EXERCISE PROMPT - Below are records with pictures; copy word for word only the lines between the line with "Load image into" and the line with "Somerset Candles birthday", inclusive, and drop the pictures.

GIVEN INFORMATION -
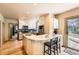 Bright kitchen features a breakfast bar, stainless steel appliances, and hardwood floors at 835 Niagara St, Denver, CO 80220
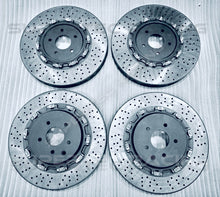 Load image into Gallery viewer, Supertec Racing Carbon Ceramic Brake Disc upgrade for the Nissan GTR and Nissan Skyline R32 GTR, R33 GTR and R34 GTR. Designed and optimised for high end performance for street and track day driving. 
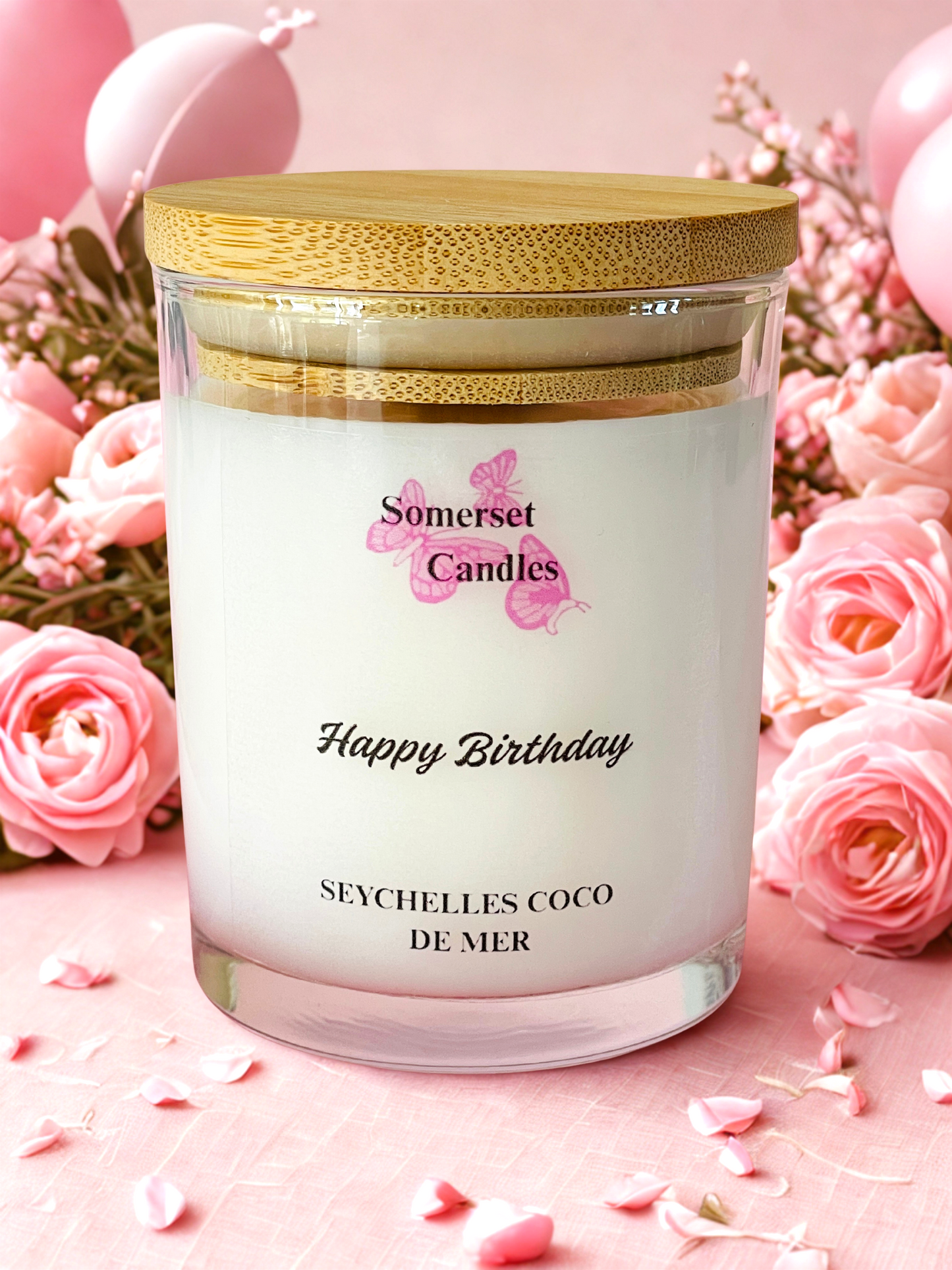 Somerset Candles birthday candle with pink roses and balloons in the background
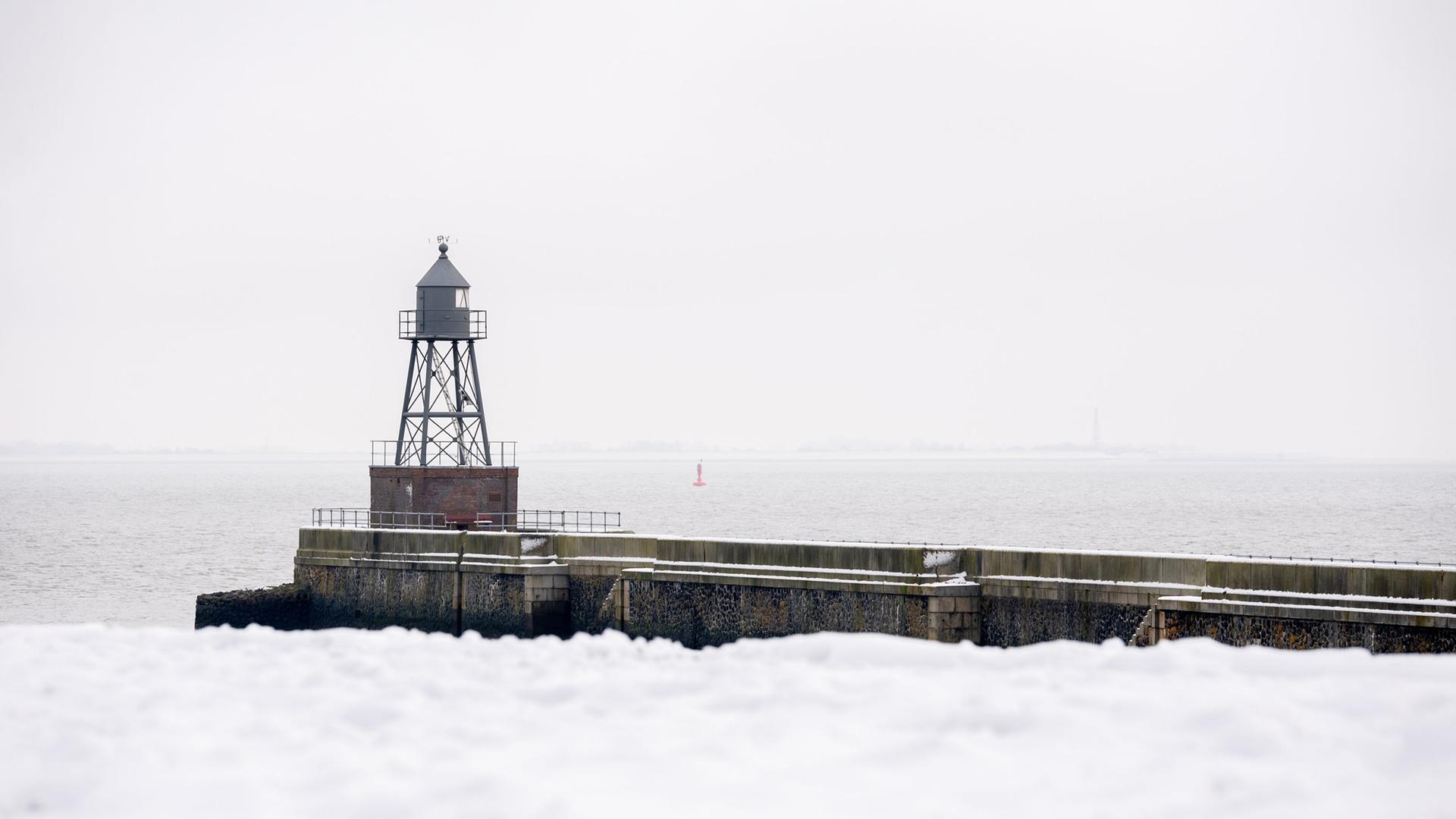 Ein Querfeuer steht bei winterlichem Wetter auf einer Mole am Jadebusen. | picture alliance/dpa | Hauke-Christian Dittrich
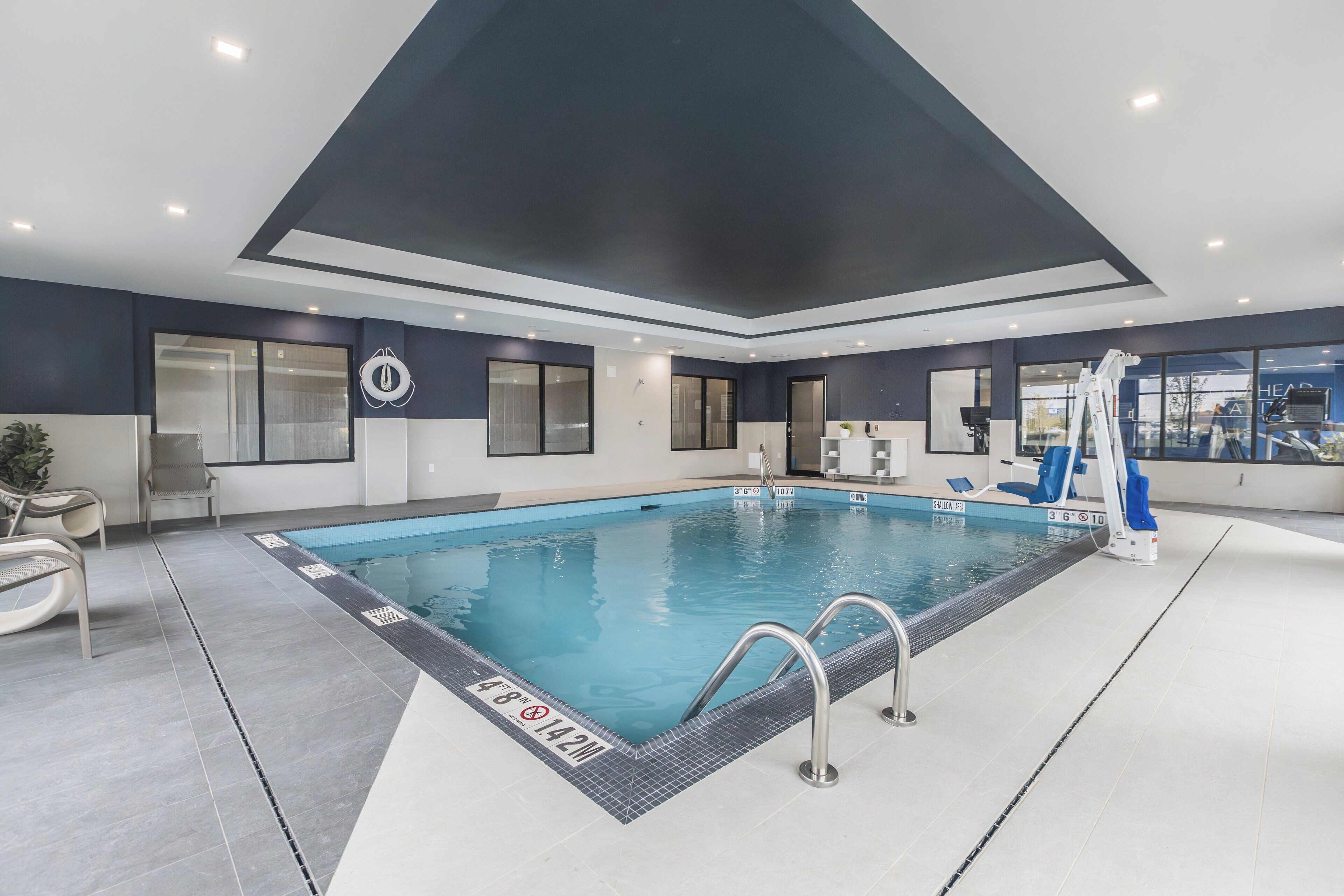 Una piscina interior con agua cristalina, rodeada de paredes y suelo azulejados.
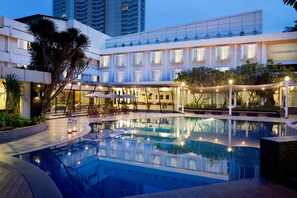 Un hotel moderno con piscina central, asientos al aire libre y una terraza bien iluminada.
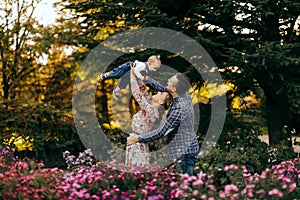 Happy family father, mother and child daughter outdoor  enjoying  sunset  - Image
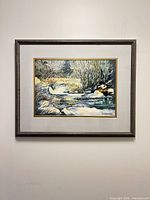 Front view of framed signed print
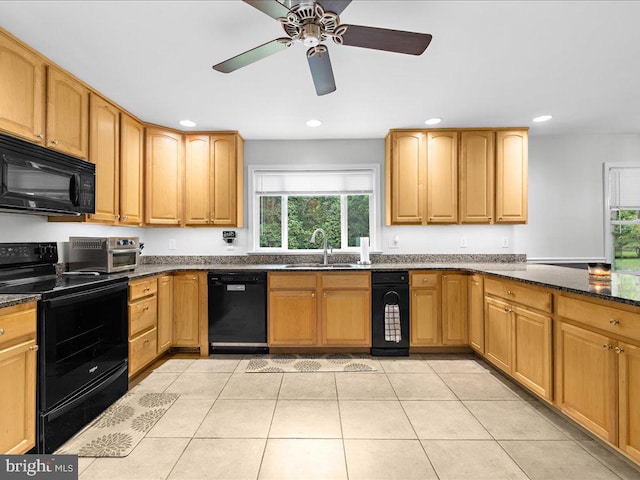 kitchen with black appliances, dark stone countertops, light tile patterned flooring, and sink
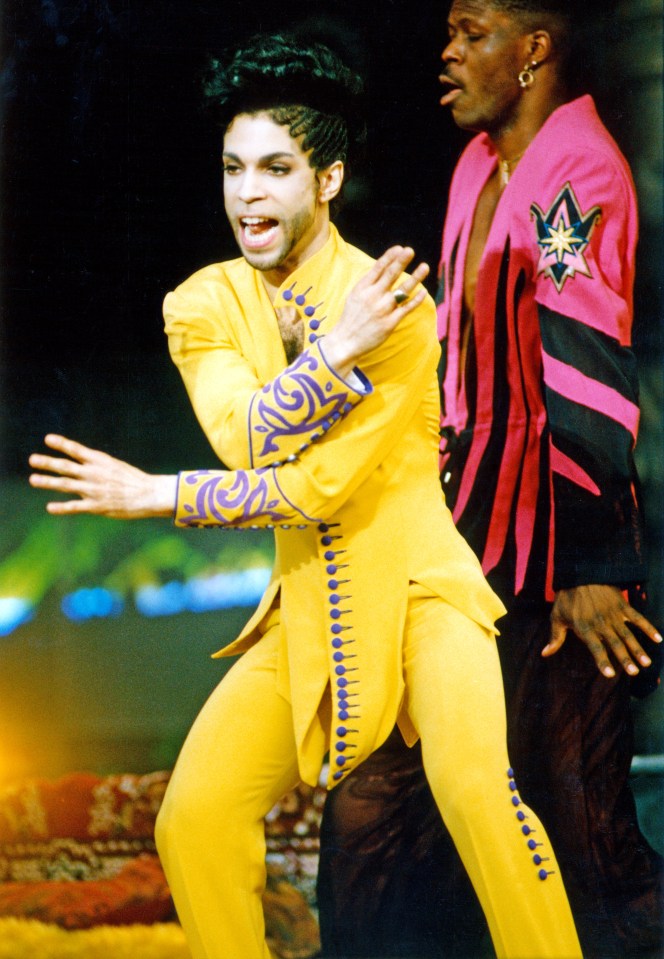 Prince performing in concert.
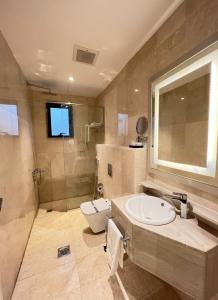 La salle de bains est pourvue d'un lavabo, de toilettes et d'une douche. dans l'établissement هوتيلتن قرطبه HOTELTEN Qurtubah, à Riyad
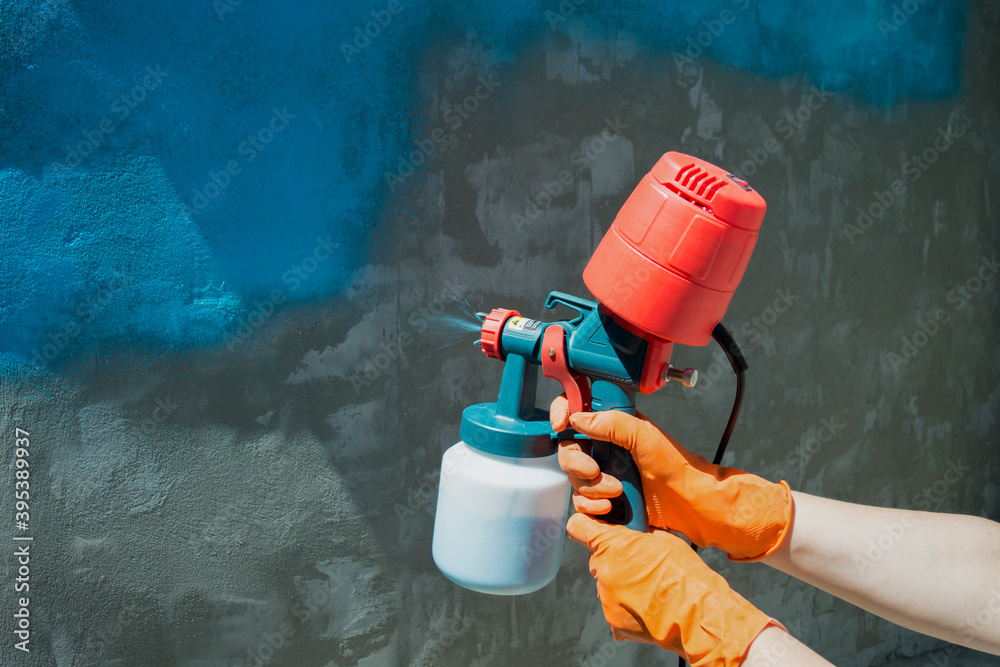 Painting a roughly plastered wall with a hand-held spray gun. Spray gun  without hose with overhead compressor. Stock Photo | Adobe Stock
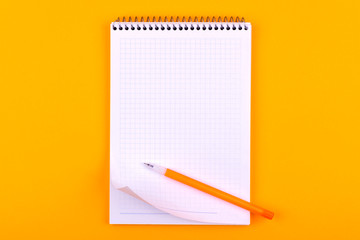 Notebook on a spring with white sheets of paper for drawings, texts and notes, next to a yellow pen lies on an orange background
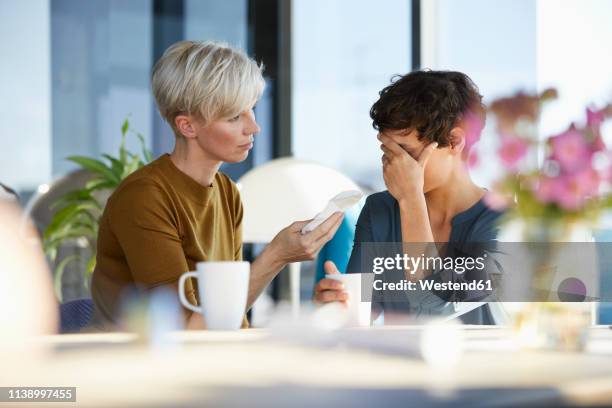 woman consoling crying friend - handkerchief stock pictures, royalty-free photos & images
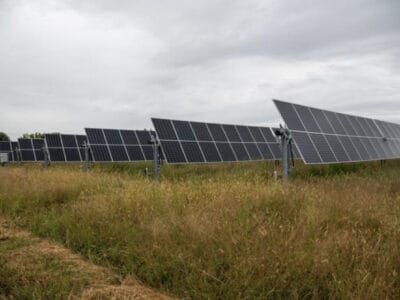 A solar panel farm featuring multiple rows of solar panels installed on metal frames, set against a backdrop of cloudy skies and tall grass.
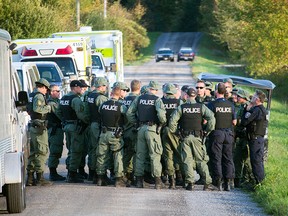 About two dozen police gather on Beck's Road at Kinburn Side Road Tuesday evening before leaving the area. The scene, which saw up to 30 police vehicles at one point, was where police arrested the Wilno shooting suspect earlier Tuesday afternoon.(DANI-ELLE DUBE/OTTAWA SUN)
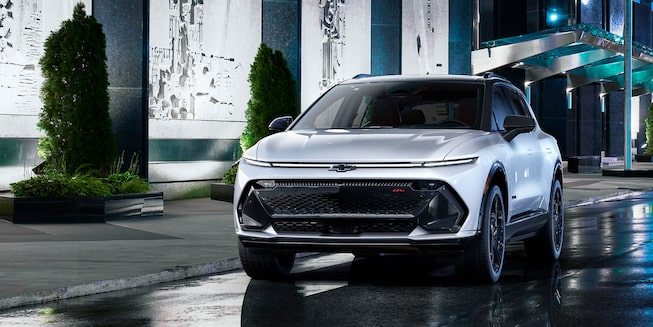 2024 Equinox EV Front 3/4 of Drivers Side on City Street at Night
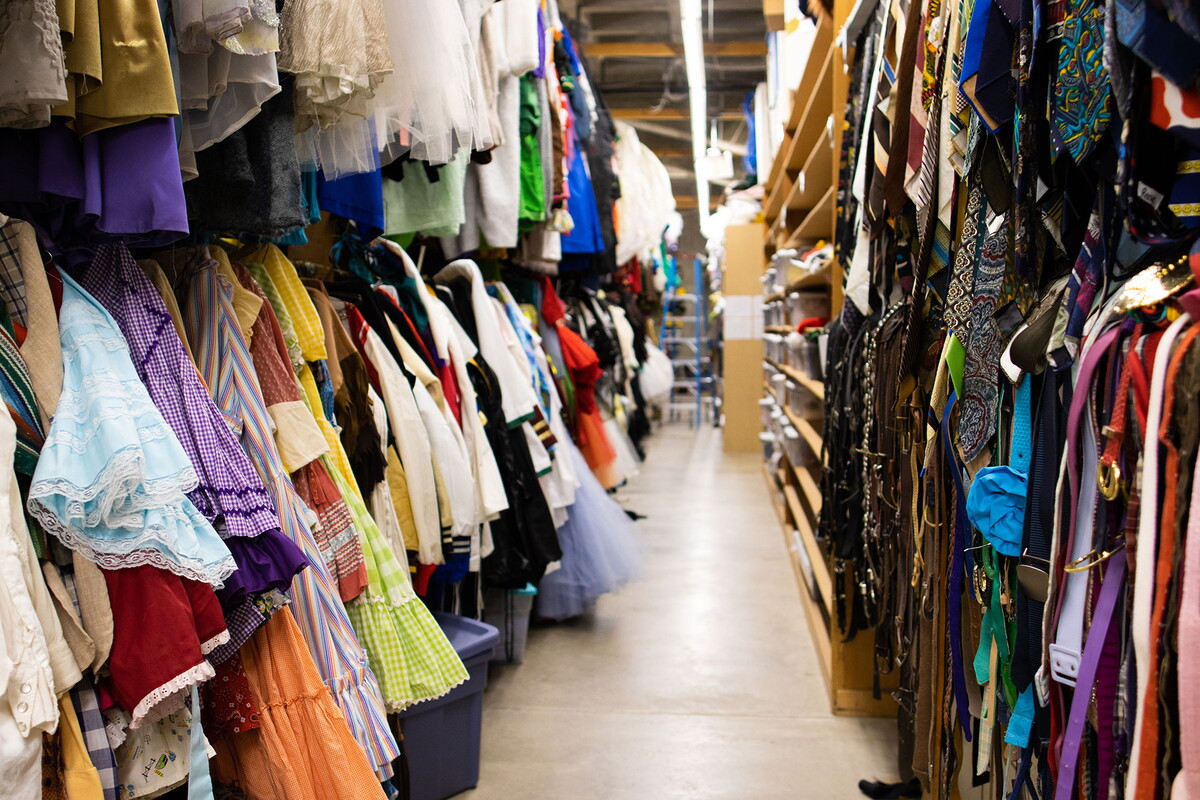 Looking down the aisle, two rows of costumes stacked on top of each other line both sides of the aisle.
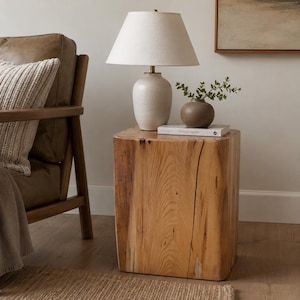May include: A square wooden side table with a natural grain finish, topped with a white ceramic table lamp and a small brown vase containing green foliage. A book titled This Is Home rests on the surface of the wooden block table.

TASK SOLUTION -
 Load image into Gallery viewer, Supertec Racing Carbon Ceramic Brake Disc upgrade for the Nissan GTR and Nissan Skyline R32 GTR, R33 GTR and R34 GTR. Designed and optimised for high end performance for street and track day driving. 
 Somerset Candles birthday candle with pink roses and balloons in the background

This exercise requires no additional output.